**Information given**
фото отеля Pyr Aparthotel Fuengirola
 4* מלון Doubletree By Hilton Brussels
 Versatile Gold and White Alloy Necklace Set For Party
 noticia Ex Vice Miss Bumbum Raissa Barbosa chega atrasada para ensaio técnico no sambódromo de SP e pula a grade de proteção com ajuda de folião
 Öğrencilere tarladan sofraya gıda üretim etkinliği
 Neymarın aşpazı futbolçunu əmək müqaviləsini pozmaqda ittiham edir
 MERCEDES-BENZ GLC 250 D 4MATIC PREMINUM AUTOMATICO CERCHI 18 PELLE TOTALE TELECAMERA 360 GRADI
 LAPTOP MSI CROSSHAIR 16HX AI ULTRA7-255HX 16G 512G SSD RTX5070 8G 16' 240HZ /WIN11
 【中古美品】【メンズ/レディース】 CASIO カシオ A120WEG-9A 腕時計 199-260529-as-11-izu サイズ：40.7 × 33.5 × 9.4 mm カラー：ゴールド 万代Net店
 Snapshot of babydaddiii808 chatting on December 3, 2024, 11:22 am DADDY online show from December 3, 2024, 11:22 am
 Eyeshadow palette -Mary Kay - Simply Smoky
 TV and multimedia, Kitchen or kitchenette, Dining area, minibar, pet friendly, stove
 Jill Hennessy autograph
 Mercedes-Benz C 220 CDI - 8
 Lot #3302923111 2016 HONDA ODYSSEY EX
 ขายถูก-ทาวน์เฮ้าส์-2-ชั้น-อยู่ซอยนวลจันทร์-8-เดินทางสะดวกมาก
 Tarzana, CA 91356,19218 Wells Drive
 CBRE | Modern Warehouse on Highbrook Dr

**Problem details**
Would you print exactly, and only, the lines of the data above from the line with "Snapshot of babydaddiii808" through the line with "Lot #3302923111 2016 HONDA ODYSSEY EX", inclusive?

**Result for this exercise**
 Snapshot of babydaddiii808 chatting on December 3, 2024, 11:22 am DADDY online show from December 3, 2024, 11:22 am
 Eyeshadow palette -Mary Kay - Simply Smoky
 TV and multimedia, Kitchen or kitchenette, Dining area, minibar, pet friendly, stove
 Jill Hennessy autograph
 Mercedes-Benz C 220 CDI - 8
 Lot #3302923111 2016 HONDA ODYSSEY EX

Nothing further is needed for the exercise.